# Pollen patties?



## RonTgottagoat (Feb 27, 2014)

When I wS at the feed store yesterday I picked up two pollen/brood patties I am in south Louisiana. When should I put these on my hives? The golden rod is just starting to begin. Is now a good time or should I wait or just hold off entirely. will give my give a boost before winter? Never used em before but want to give em every possible shot to winter well


----------



## alleyyooper (Apr 22, 2005)

Didn't they come with instructions. Follow them if they did.
 I would install them in your hives when the night time temps are 40F or below, Day time high temps 70F or lower.

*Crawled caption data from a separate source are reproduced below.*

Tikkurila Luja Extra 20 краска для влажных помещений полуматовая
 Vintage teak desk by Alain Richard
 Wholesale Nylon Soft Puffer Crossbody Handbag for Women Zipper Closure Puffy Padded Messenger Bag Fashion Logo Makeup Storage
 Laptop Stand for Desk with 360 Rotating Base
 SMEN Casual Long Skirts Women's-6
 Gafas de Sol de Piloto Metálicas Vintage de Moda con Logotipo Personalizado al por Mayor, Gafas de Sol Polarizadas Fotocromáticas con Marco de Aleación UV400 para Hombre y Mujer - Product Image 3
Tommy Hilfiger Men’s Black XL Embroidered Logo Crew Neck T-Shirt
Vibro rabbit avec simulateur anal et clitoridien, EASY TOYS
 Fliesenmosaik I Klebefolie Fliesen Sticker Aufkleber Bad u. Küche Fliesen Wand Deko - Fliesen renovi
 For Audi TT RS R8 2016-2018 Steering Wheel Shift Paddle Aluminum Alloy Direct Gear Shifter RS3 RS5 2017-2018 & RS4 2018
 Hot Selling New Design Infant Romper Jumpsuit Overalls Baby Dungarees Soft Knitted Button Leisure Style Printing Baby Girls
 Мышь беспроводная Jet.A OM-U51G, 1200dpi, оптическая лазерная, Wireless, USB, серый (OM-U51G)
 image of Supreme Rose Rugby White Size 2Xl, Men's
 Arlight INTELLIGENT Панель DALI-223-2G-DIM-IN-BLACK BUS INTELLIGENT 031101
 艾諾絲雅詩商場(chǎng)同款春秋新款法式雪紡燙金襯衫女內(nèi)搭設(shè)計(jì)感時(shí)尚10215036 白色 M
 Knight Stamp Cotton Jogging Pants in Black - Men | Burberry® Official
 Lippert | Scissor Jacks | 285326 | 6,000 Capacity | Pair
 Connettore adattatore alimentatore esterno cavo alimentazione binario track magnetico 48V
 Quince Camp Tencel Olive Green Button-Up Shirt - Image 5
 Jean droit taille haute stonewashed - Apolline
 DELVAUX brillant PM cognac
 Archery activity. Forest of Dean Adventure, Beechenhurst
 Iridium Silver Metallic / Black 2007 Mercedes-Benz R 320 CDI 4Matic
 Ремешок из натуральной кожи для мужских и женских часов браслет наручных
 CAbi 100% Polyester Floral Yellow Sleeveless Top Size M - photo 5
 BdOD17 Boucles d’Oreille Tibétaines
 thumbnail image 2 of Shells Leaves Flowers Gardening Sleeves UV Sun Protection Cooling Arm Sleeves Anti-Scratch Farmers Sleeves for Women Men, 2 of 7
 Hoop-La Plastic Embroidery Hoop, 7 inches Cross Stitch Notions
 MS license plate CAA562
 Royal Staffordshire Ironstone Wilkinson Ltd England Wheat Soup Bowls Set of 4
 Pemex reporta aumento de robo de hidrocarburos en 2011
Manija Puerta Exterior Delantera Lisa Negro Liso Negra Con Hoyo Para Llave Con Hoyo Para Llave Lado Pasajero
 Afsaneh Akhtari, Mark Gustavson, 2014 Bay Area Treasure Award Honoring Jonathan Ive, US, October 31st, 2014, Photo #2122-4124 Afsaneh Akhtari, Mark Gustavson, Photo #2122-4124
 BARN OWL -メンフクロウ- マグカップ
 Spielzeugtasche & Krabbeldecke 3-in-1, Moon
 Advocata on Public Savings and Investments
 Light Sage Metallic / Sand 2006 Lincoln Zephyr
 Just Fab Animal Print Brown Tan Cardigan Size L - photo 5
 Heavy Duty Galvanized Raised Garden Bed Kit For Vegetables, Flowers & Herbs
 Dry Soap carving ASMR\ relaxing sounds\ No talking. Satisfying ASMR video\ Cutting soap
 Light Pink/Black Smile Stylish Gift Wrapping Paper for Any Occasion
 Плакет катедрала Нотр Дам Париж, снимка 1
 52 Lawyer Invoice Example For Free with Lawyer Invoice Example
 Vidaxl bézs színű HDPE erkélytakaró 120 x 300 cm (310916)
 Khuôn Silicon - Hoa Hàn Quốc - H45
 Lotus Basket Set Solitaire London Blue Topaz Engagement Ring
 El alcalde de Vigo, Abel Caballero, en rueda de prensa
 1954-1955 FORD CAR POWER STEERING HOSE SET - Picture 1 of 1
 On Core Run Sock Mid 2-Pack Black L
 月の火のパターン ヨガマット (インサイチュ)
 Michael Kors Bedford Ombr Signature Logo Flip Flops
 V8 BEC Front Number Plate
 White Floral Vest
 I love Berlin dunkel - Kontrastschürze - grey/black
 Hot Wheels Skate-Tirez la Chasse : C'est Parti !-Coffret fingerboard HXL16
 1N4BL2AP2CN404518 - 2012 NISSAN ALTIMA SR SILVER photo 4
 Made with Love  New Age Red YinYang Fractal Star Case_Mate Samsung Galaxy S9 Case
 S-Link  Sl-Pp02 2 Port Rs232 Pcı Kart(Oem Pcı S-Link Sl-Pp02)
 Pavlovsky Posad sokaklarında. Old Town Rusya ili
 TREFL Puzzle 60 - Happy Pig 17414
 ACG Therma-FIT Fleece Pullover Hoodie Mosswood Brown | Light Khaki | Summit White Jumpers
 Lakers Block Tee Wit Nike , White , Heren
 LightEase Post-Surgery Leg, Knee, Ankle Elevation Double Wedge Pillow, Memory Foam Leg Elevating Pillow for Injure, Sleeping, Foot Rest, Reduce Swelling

Other wise put them in your hives about January.

 Al


----------



## RonTgottagoat (Feb 27, 2014)

No instructions that I saw Thanks alley


----------



## alleyyooper (Apr 22, 2005)

Our climate is far different than yours. I bet there are few days in the winter when your bees do not fly during the day. We have few winter days they can fly, also the queen isn't laying heavy in the winter just a small bit starting mostly in January. There fore we do not put the pollen patties on till mid to late February as that is when the queen will start in laying like crazy to build up for spring. They need the pollen then to feed the larva to grow strong workers. We like to have our queens at peek laying by mid April just in time for the fruit tree blooming and shortly after the dandelions.

 Al


----------



## RonTgottagoat (Feb 27, 2014)

Yeah typically we have fairly mild winters, sometimes we see high teens in Late January early February but before that its in 30s and We even have Christmas where shorts are the attire Louisiana winter is more like fall in other areas


----------